North Korea may attack the province that surrounds Seoul, the Tokyo Shimbun newspaper said, citing an unidentified person who quoted an official in the communist nation. South Korea will hold artillery drills on Yeonpyeong, the island shelled by the North last week, on Dec. 6, television broadcaster MBN reported today, citing government officials it didn’t identify.

Japan and the U.S. will conduct a joint military exercise from tomorrow until Dec. 10.

“Geopolitical risk appears to be returning a bit on worries that North Korea may attack the South,” said Satoshi Okagawa, head of the foreign-exchange and money trading group in Singapore at Sumitomo Mitsui Banking Corp., a unit of Japan’s third-largest banking group. “There’s some safe-haven buying of the yen and the dollar.”

And:

The won strengthened for a third day as funds based abroad bought $373 million more Korean shares than they sold yesterday, the biggest net purchases in almost three weeks, exchange data show. The Kospi index of shares posted its highest close since Nov. 10 on optimism that tensions between North and South Korea are easing.

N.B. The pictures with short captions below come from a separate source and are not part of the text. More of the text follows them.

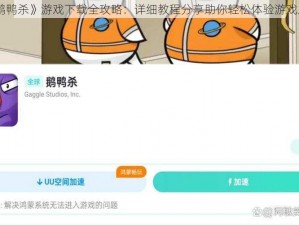 《鹅鸭杀》游戏下载全攻略：详细教程分享助你轻松体验游戏乐趣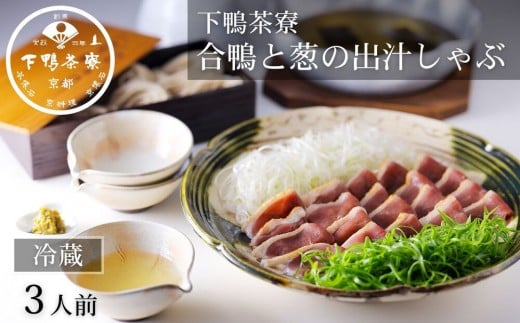 
            【下鴨茶寮】合鴨と葱の出汁しゃぶ3人前［ 京都 老舗 料亭 ミシュラン 合鴨 しゃぶしゃぶ 自慢の出汁 〆の特製そば付き 人気 おすすめ グルメ 京料理 鍋 お鍋 ギフト プレゼント お取り寄せ 通販 送料無料 ふるさと納税 ］
          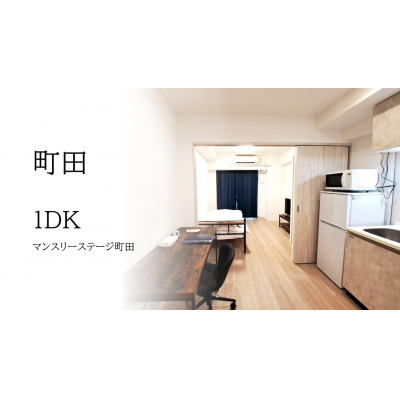 ޥ󥹥꡼ơĮĤγѲ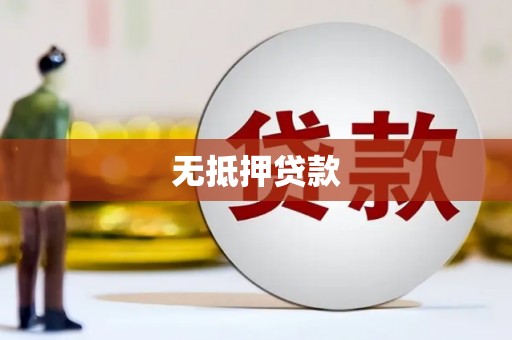 港北无抵押贷款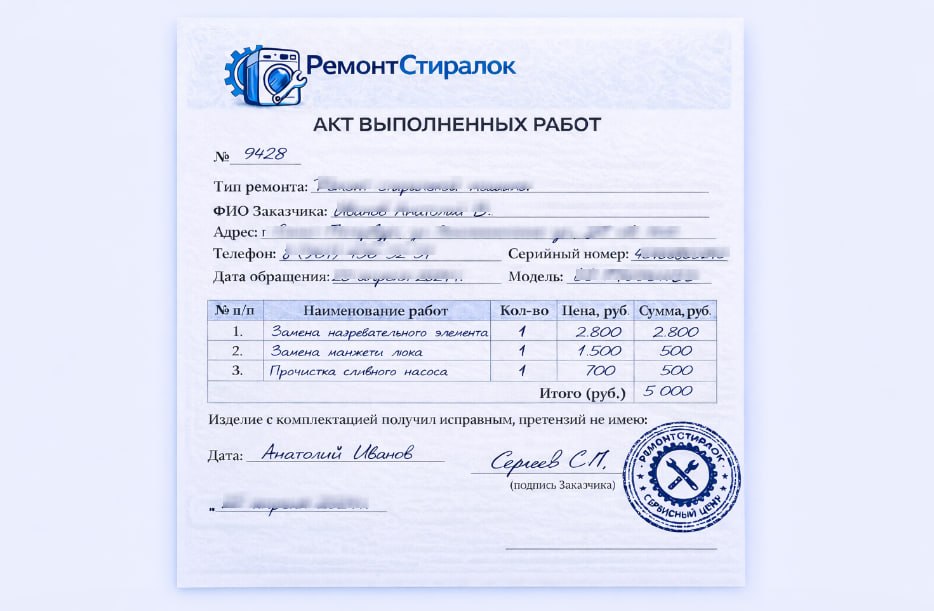 Квитанция 3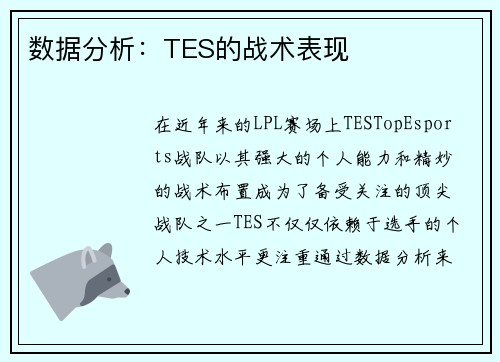 数据分析：TES的战术表现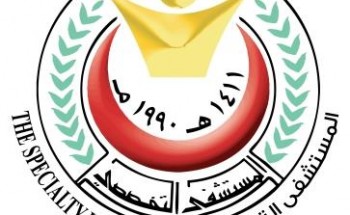 المستشفى التخصصي يعلن بدء التقديم في البرامج التدريبية بمجال التمريض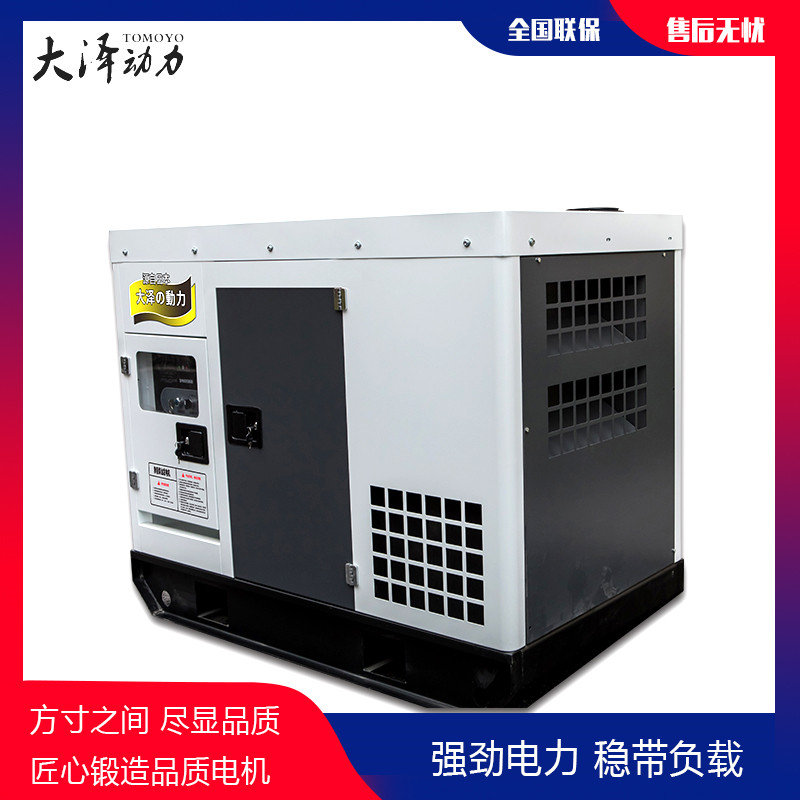 靜音30kw柴油發(fā)電機(jī)實(shí)驗(yàn)室備用-- 上海豹羅實(shí)業(yè)有限公司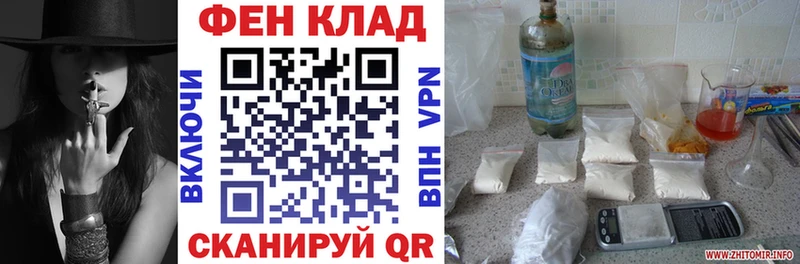 Амфетамин 97% Купить Красновишерск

“We haven’t seen North Korean retaliation, which they pledged to do after the attack, and the lack of negative events let risk aversion subside,” said Dariusz Kowalczyk, senior economist at Credit Agricole CIB in Hong Kong. “Positive sentiment globally boosted appetite for risk assets like the Korean won.”

US, Japan begin war games; China denounces drills

In an ongoing show of force following a deadly North Korean attack on a front-line island, the U.S. and Japan began one of their biggest-ever military exercises Friday, mobilizing more than 44,000 troops, hundreds of aircraft and a U.S. supercarrier.

The drills come just after the U.S. and South Korea concluded maneuvers in the Yellow Sea. The exercises brought immediate criticism from China, which is wary of having foreign navies off its shores and has been increasingly assertive over large swaths of waters in the south and east China seas, where some of the drills would take place.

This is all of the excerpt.